Recommended probationary conditions require petitioner to (1) report quarterly regarding the status of client trust funds, (2) report within 15 days after entering on a business transaction with a client or acquiring any pecuniary interest adverse to a client, (3) include a client's consent to the transaction in the filed report, (4) answer any inquiries from State Bar representatives regarding compliance with probationary terms, except to the extent prohibited by specific privileges, (5) take and pass the Professional Responsibility Examination, and (6) comply with the State Bar Act and Rules of Professional Conduct.
Petitioner, admitted to practice in 1969, is 39 years of age. He has no prior disciplinary record.
Petitoner was charged in the instant proceeding in two separate matters with violating his oath and duties as an attorney (Bus. Prof. Code, §§ 6103, 6067, 6068) and commission of acts involving moral turpitude and dishonesty (Bus. Prof. Code, § 6106). He was also charged with wilfully violating the following rules of professional conduct: Misleading the court by false pleading (rule 7-105), misappropriating a client's funds (rule 8-101), and involving a client in business transactions adverse to the client's best interests (rule 5-101). (West Ann. Bus. Prof. Code, foll. § 6076.)
Petitioner and the board have formally stipulated to facts supporting the charges, to mitigating circumstances and to recommended discipline. Relevant facts disclose two separate incidents of professional misconduct — the Brian Kelly and the Marion Tatum matters.
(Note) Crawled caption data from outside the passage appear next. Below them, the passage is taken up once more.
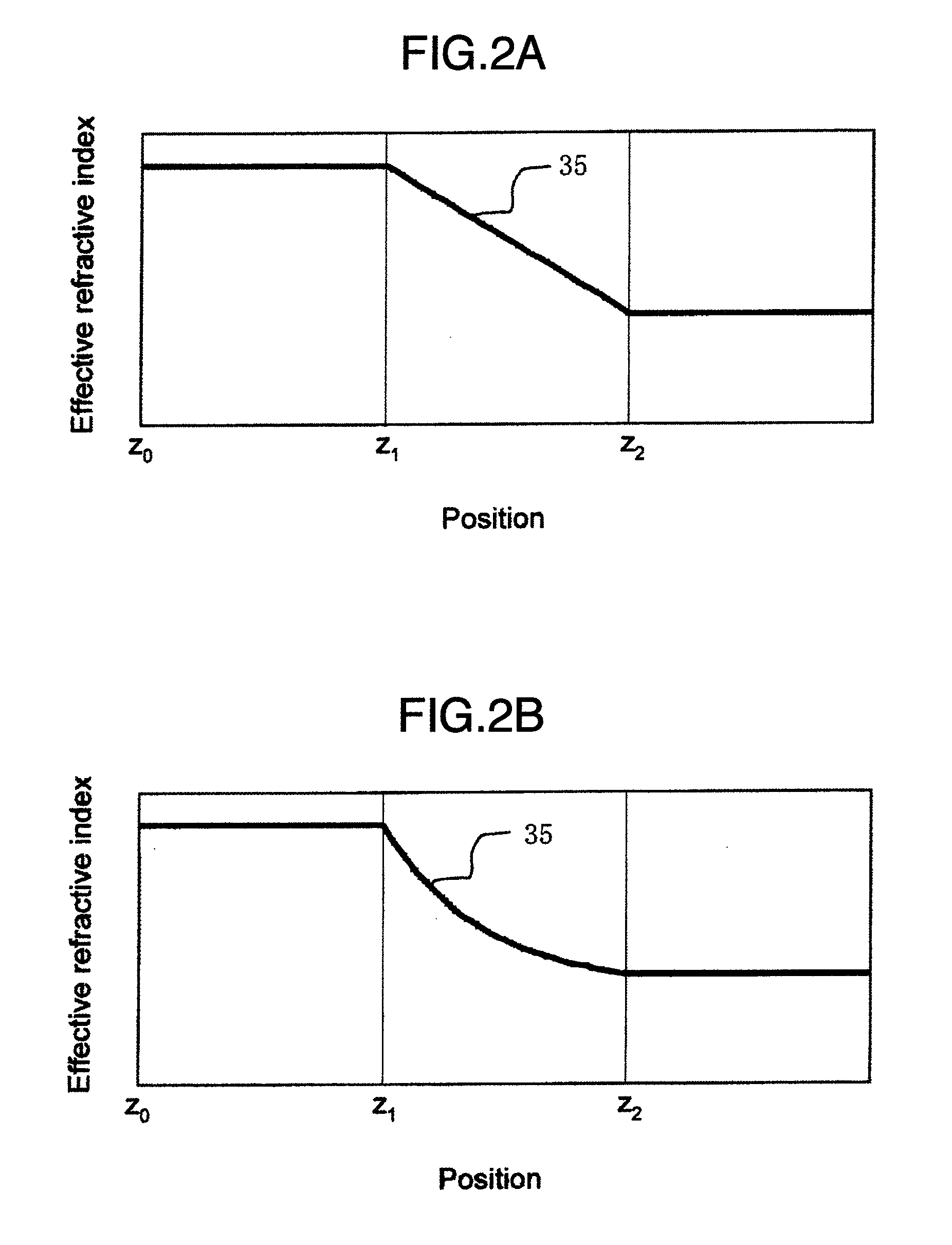 Optical semiconductor device and optical waveguide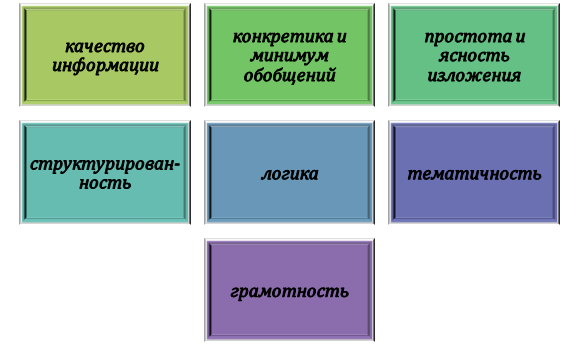 Принципы подготовки качественного текста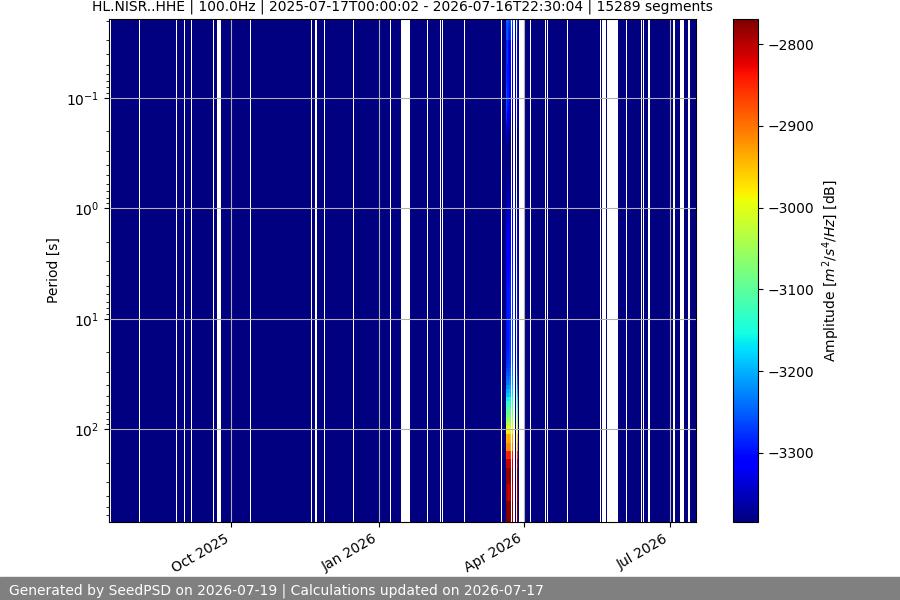 spectrogram full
In the Brian Kelly matter petitioner had represented Kelly in recovering a $750,000 claim for personal injuries. Petitioner's fee was $250,000. Less than a year later, while Kelly was still petitioner's client, petitioner negotiated a $100,000 loan from Kelly for purposes of making an investment. Petitioner did not advise Kelly that he should seek independent legal counsel, that the interest rate for the loan was usurious and could have legal consequences adverse to Kelly, or that Kelly should undertake particular action necessary to perfect Kelly's security interest in property offered by petitioner as collateral for the loan.
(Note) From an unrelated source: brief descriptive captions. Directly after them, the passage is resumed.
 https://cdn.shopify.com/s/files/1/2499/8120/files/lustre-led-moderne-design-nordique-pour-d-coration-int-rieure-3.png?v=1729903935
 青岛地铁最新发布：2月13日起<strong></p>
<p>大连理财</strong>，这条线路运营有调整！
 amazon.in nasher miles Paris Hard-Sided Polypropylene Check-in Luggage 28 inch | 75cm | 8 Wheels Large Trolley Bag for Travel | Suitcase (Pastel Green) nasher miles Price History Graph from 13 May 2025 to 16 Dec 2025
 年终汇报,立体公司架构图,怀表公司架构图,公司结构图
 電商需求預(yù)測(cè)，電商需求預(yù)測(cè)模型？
Petitioner executed "A Promissory Note and Assignment" in favor of Kelly providing for 24 successive monthly principal payments of $4,166 each and prepaid interest in the amount of $12,500 at the beginning of each year of the two-year note.
The document also provides that petitioner "agrees" to "[s]ecure this promissory note with an assignment" of petitioner's interest in described real property, and to give Kelly "a lien on the income from [petitioner's] law practice" should the assignment of real property be insufficient security. For purposes of finalizing the loan transaction petitioner designated an associate, Eugene Alkana, as his agent and gave Alkana power of attorney. Petitioner negotiated the $100,000 cashier check delivered to him from Kelly through Alkana. Petitioner made the first interest and eight principal payments on the note, and thereafter defaulted.
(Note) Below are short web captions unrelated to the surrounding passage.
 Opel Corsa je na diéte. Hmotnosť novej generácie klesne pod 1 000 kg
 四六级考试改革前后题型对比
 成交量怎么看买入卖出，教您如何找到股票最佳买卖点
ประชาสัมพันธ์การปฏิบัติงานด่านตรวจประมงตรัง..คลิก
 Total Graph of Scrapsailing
Kelly commenced a civil action on the note. After petitioner's default was taken for failure to timely file a responsive pleading, he moved to vacate the default and attached to his moving papers a "Proposed Demurrer to Complaint." He alleged in the demurrer that he was unaware of any agency relationship between himself and Alkana, that he had no knowledge of any powers of attorney executed by him in favor of Alkana, and that he did not ratify any of Alkana's actions.
After these disciplinary proceedings were commenced, petitioner paid the Kelly obligation in full.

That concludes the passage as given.